Mamdani's Wife Hosts 'Mary in the Quran' Retreats While He Plays Moderate for NYC Voters

Rama Duwaji, wife of New York City mayoral candidate Zohran Mamdani, has been publicly promoting Islamic retreats titled "Mary in the Quran" — sessions built around reframing Christian figures through Quranic theology. Evangelist and apologist Shahriq Kahn, featured in connection with the material, posted on X that the Quran "calls him Al Masih in Surah 3, 4, and 5, but gives no context," reducing Jesus to "a king with no throne. A Savior with no sacrifice."

Mamdani calls these his wife's "private choices." Funny how private choices keep showing up in public.

As Patriot Post contributor Emmy Griffin wrote this week, "Behind every radical Democrat politician is an even more radical spouse." Griffin drew a direct parallel to California Governor Gavin Newsom and his wife Jennifer Newsom, noting the pattern of progressive politicians whose spouses do the ideological heavy lifting the candidate can't afford to do on camera. The comparison lands harder when you look at what Duwaji is actually promoting — not casual faith practice, but organized theological sessions designed to reinterpret Christianity's central figures through an Islamic lens.

The retreat material leans on Surah Maryam, the Quranic chapter named after Mary, and the claim that Mary is mentioned 34 times in the Quran.
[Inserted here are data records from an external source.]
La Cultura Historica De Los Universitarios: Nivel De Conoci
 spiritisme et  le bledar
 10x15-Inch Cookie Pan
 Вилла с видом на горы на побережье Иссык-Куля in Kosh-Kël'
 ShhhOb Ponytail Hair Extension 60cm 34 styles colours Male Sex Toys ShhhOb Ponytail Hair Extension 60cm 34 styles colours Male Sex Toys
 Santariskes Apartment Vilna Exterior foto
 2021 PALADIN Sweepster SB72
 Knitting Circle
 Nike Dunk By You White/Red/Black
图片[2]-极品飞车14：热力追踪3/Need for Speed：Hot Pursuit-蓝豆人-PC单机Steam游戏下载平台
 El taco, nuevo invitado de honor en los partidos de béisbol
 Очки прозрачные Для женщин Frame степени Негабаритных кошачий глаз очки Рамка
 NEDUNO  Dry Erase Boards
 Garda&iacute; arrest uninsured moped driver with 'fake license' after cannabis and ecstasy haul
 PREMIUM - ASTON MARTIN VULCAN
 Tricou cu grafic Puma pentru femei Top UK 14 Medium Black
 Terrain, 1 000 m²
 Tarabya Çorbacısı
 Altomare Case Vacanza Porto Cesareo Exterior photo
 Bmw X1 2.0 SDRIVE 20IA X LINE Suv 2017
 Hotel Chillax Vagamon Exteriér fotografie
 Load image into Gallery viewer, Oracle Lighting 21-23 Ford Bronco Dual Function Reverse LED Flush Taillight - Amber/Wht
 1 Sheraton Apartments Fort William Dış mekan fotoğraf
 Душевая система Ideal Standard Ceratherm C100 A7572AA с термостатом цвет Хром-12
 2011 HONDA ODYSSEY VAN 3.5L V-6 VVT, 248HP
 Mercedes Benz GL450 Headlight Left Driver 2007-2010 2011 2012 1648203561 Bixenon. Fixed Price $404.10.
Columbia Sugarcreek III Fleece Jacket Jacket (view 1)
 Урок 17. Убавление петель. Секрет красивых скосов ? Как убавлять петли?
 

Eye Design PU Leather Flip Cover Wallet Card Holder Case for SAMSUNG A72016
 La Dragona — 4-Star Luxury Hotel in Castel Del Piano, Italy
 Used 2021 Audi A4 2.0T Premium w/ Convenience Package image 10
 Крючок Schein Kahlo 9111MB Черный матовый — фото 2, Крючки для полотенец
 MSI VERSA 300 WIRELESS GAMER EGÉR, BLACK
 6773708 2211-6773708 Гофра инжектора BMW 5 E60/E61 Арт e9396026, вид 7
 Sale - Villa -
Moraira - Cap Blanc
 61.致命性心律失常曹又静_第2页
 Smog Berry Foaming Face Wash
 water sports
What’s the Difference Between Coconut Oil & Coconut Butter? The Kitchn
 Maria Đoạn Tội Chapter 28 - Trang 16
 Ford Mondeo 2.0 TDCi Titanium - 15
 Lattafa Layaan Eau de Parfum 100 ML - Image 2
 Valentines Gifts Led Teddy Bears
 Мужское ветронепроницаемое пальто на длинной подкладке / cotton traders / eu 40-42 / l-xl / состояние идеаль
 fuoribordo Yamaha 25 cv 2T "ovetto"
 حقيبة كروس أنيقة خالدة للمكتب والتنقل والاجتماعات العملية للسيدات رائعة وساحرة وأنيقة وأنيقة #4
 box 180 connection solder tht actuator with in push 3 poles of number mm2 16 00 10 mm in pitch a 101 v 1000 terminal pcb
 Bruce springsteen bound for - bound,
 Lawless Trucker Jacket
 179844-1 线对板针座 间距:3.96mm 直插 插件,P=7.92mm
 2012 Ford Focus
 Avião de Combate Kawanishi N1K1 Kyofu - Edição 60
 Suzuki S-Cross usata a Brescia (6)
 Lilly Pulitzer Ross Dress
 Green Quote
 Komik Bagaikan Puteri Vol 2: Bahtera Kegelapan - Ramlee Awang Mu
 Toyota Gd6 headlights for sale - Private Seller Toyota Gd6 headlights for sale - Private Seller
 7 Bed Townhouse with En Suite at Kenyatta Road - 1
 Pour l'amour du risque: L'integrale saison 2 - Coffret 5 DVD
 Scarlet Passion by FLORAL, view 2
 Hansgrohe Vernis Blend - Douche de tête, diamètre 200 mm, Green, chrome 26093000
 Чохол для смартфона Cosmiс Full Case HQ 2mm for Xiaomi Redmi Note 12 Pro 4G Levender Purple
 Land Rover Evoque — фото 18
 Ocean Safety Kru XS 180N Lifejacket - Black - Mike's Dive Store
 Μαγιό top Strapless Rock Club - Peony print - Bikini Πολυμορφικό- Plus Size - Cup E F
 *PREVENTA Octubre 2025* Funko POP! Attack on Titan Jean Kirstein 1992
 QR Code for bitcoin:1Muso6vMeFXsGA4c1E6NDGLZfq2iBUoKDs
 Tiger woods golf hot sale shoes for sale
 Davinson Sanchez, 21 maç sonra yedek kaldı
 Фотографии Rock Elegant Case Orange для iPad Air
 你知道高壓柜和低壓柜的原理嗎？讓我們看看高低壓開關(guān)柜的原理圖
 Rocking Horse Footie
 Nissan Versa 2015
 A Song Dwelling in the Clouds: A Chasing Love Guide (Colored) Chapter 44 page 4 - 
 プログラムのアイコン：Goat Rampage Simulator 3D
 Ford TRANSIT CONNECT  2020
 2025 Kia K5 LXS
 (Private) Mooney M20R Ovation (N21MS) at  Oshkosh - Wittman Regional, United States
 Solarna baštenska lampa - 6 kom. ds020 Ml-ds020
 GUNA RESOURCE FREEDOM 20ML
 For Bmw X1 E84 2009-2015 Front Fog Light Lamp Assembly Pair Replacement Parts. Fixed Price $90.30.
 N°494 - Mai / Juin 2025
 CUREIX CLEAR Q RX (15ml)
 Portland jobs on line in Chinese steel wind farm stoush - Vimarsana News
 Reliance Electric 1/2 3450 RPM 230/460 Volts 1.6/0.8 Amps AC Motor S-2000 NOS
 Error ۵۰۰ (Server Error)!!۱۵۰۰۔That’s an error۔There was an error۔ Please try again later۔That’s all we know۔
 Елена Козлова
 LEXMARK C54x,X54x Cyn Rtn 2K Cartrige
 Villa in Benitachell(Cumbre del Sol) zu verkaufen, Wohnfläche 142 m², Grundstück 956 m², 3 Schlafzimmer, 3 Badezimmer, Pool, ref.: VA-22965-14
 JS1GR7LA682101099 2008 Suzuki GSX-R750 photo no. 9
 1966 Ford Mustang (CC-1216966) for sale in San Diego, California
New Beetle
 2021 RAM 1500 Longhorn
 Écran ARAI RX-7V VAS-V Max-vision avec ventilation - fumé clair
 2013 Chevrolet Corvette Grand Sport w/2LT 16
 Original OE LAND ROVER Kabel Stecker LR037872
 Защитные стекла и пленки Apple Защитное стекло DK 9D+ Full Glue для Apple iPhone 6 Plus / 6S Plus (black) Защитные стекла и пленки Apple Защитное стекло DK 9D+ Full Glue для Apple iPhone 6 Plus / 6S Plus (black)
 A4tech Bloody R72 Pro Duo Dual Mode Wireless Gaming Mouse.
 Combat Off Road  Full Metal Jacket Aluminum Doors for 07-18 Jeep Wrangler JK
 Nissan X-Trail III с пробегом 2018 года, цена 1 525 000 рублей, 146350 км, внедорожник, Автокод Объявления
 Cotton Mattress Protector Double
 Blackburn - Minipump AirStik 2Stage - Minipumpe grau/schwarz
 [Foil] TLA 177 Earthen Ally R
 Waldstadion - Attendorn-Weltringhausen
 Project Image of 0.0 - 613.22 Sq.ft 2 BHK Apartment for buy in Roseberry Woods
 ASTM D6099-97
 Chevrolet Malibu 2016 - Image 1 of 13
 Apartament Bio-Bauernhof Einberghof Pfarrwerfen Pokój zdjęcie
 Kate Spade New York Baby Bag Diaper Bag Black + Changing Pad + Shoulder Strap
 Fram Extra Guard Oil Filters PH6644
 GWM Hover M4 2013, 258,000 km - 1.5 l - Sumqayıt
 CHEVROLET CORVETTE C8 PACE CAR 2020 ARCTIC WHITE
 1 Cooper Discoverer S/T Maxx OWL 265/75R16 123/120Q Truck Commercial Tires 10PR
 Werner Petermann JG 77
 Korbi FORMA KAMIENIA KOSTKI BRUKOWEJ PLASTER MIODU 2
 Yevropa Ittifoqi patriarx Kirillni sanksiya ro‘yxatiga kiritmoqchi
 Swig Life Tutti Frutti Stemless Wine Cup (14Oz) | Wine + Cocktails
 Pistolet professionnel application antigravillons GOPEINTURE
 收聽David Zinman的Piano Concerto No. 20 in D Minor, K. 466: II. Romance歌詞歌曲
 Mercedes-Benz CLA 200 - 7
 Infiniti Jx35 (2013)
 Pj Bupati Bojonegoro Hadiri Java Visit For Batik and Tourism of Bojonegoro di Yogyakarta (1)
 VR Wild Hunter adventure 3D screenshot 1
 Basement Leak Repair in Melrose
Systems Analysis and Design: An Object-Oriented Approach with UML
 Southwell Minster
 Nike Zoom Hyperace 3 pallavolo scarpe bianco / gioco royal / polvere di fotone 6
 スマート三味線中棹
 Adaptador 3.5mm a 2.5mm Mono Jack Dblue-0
The framing sounds academic until you hear Kahn's conclusion: "The story of God coming to us… that's insane." That's not interfaith dialogue. That's a theological assertion dressed up as curiosity.

Mamdani, for his part, has spent his mayoral campaign presenting himself as a progressive populist focused on housing and transit. The radical Islamic ideology that Griffin identifies isn't part of his stump speech. It doesn't need to be. That's what the spouse is for.

Griffin's piece also flags the historical revisionism baked into the retreat framework. Emperor Hadrian renamed the region "Syria Palaestina" in 135 AD — more than a century after Jesus's life — a fact that matters when Quranic reinterpretations of the Holy Family are presented without that context. The retreats aren't filling in gaps. They're building a narrative that requires erasing one.

None of this would matter much if Mamdani were running for city council in a safe district. He's running for mayor of New York City. The largest city in the country, during America's 250th anniversary year, and voters are being asked to evaluate a candidate whose household is actively promoting theological sessions that reframe Christianity's foundational claims.

The defense will be that a spouse's faith activities are irrelevant to governance. Fair enough. But Mamdani isn't distancing himself from the content — he's dismissing questions about it. There's a difference between a candidate whose spouse goes to church and a candidate whose spouse organizes retreats built around reinterpreting someone else's church.

When the "private" and the "political" share the same roof, the distinction is just a talking point.